Transient Plasma Systems successfully completes multi-cylinder engine testing with nanosecond pulsed plasma ignition technology
 

   Transient Plasma Systems Inc. (TPS), which develops nanosecond pulsed plasma ignition systems to improve fuel efficiency and reduce greenhouse gas emissions, has achieved a new milestone in internal combustion engine testing.

   The new TPS test marks the first multi-cylinder demonstration of the company’s nanosecond pulsed plasma ignition technology in a mass-manufactured, on-road natural-gas engine. TPS tested its Transient Plasma Ignition System in multi-cylinder operation on a Cummins Westport ISX12N natural-gas engine.

   “The successful multi-cylinder testing of nanosecond pulsed plasma ignition technology gets us one step closer to widespread market demand and adoption. We are very grateful to the California Energy Commission (CEC) for providing the grant, to Cummins Westport for providing the engine and engine support, and to SoCal Gas for providing additional funding for this effort,” said Dan Singleton, co-founder and CEO of Transient Plasma Systems.
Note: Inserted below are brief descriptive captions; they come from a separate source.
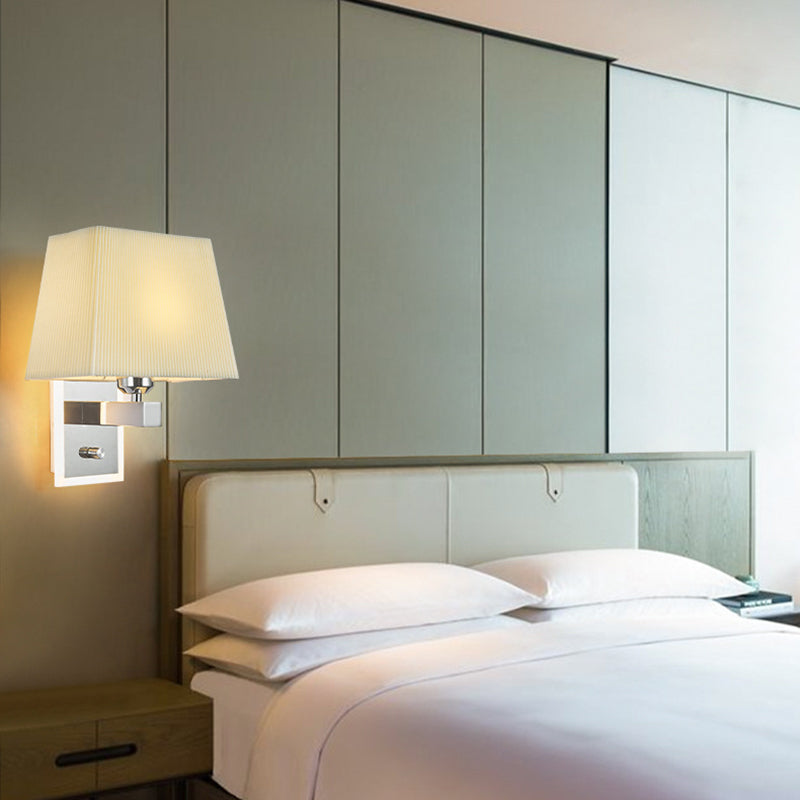 Moderne minimalistische Wandlampe mit gewelltem quadratischem Stoffschirm und einer Lichtquelle für das Wohnzimmer 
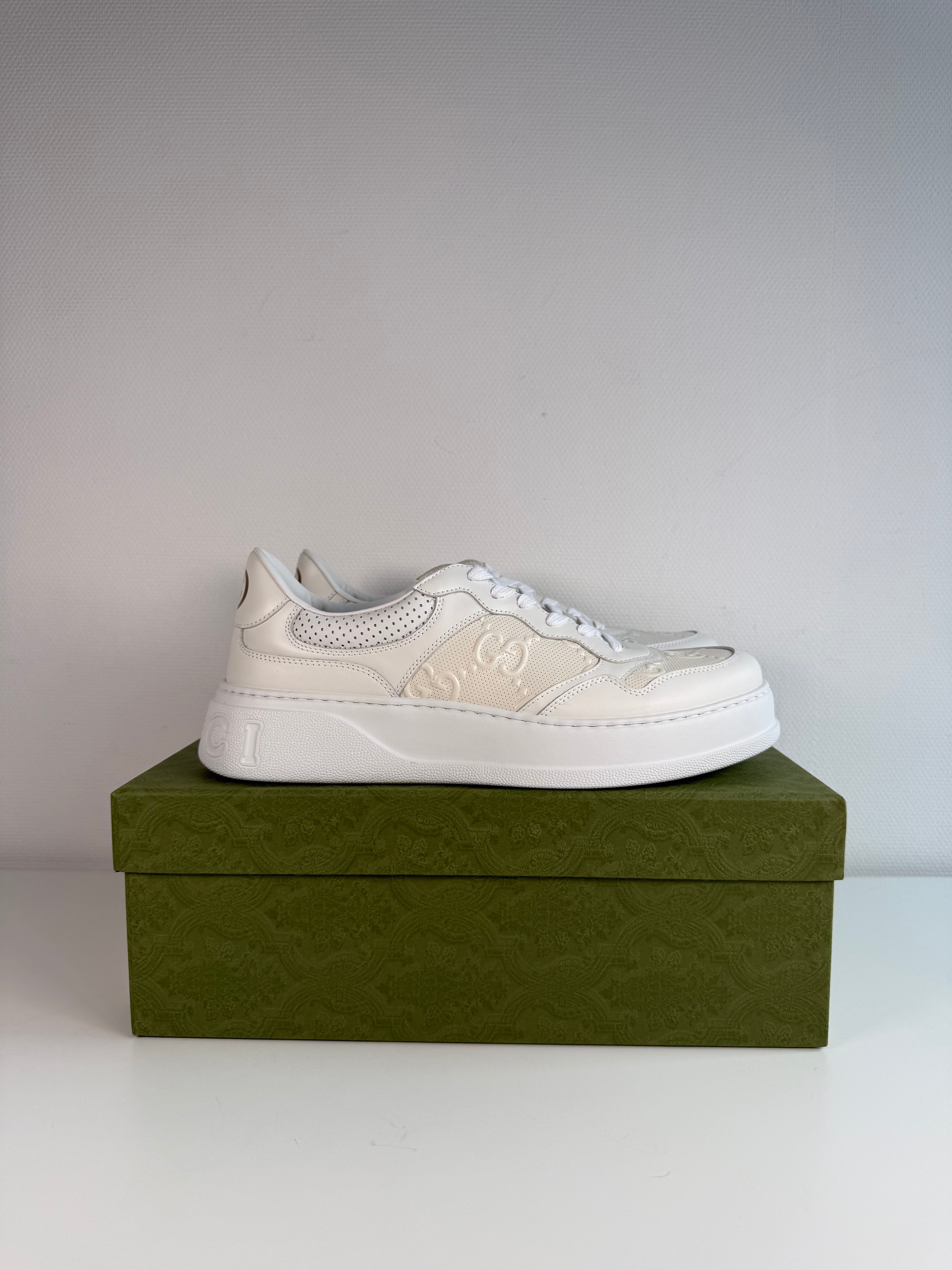Basket embossed Gucci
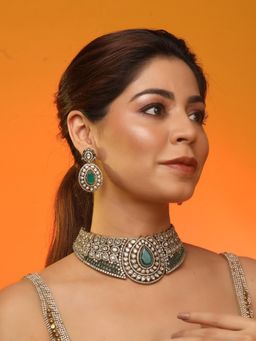 Auraa Trends - Green Kundan Choker Necklace with Earrings Bridal Ethnic Jewellery With Pearl Drops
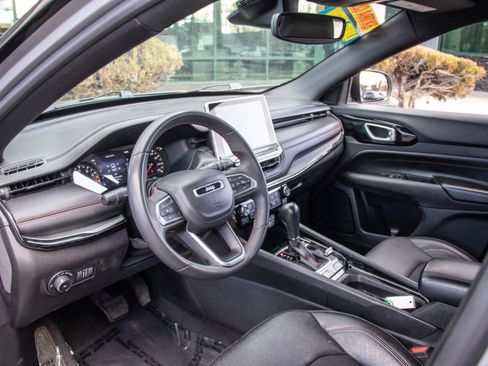 Used 2023 Jeep Compass Trailhawk image 11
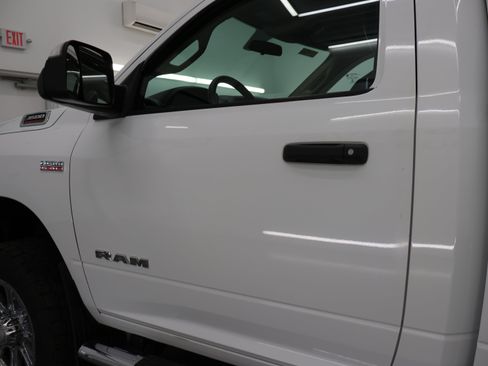 Used 2019 RAM 3500 Tradesman w/ Chrome Appearance Group AWD/4WD image 31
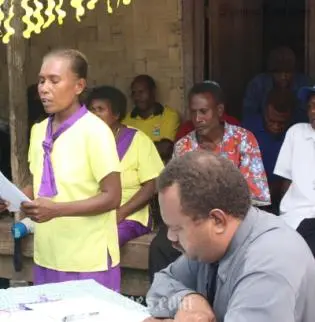 Honorable Manetoali said it is important that political leaders take the government down to the village level.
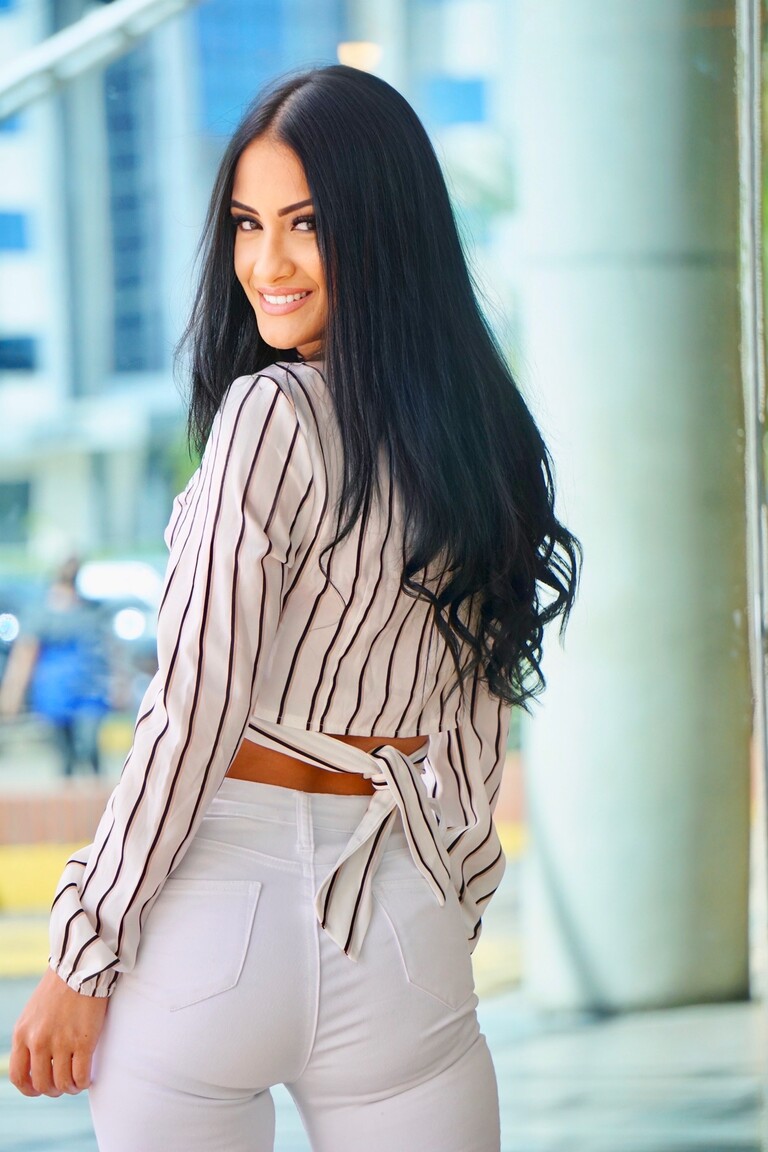 Yilianny international niche dating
   The tests were conducted at the U.S. Department of Energy’s Argonne National Laboratory in Illinois, under a grant by the CEC with support from SoCalGas and Cummins Westport.

   “This is a major milestone in the development of our nanosecond pulsed plasma ignition technology,” said Jason Sanders, co-founder and chief scientist at Transient Plasma Systems. “Our ignition technology reduces fuel consumption in combustion engines by a significant amount, and it can do so with an easy-to-implement solution that requires no engine redesigns.”

   The testing demonstrated stable operation of the Transient Plasma Ignition System under on-road conditions, including improved brake thermal efficiency, reduced CO and NOx emissions, and extension of exhaust gas recirculation (EGR) dilution tolerance.